----- GIVEN RECORDS -----

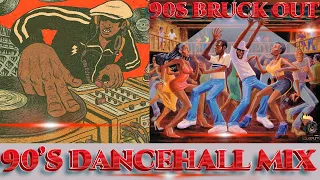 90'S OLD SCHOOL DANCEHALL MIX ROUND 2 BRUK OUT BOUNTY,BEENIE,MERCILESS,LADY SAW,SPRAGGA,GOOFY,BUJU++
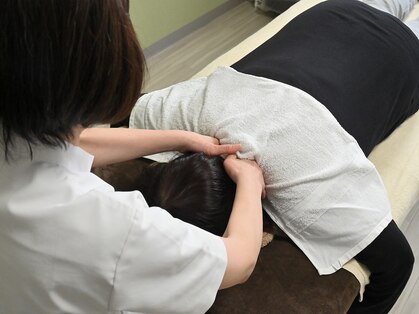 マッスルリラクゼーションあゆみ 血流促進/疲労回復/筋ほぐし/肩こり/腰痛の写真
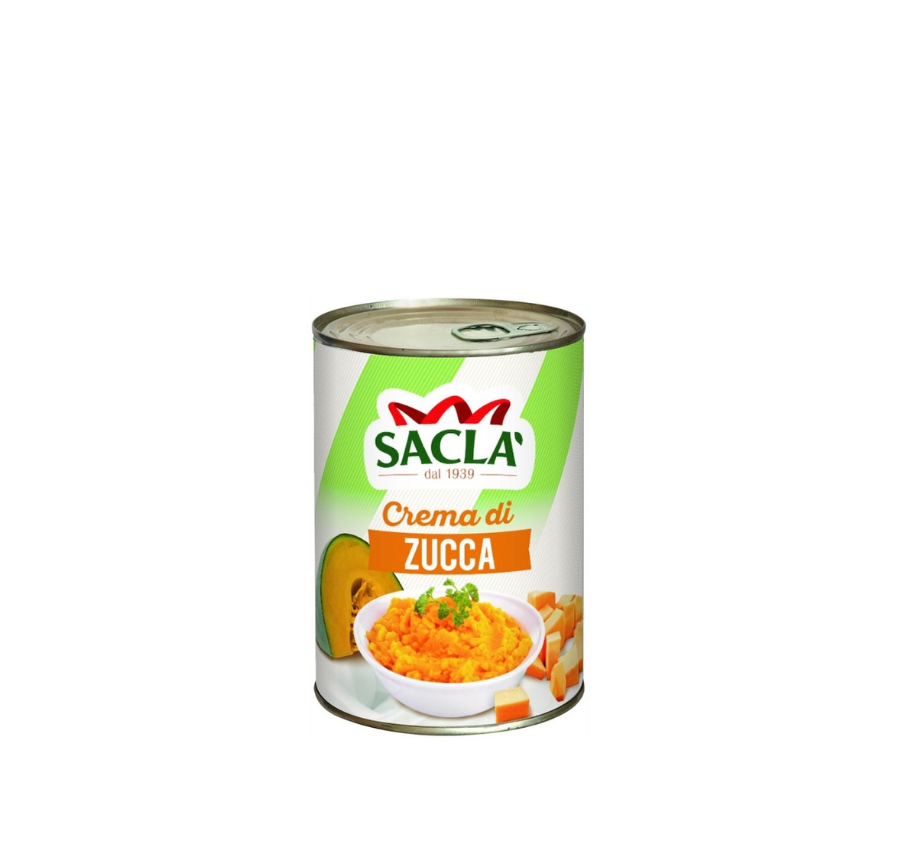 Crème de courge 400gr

-----
----- GIVEN RECORDS -----

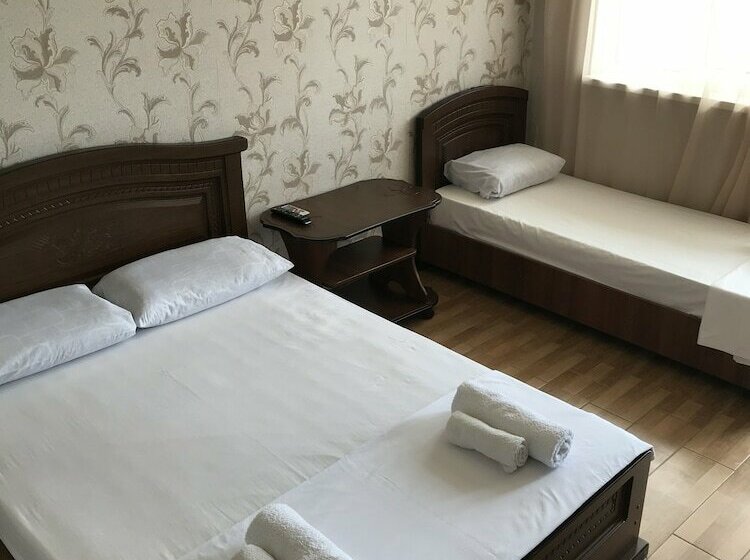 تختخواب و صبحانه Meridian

-----

Begin at the line in the entries above that has "マッスルリラクゼーションあゆ", stop after the line that has "Crème de courge 400gr", and output exactly those lines without pictures.

**SOLUTION FOR THIS PROBLEM**
 マッスルリラクゼーションあゆみ 血流促進/疲労回復/筋ほぐし/肩こり/腰痛の写真
 Crème de courge 400gr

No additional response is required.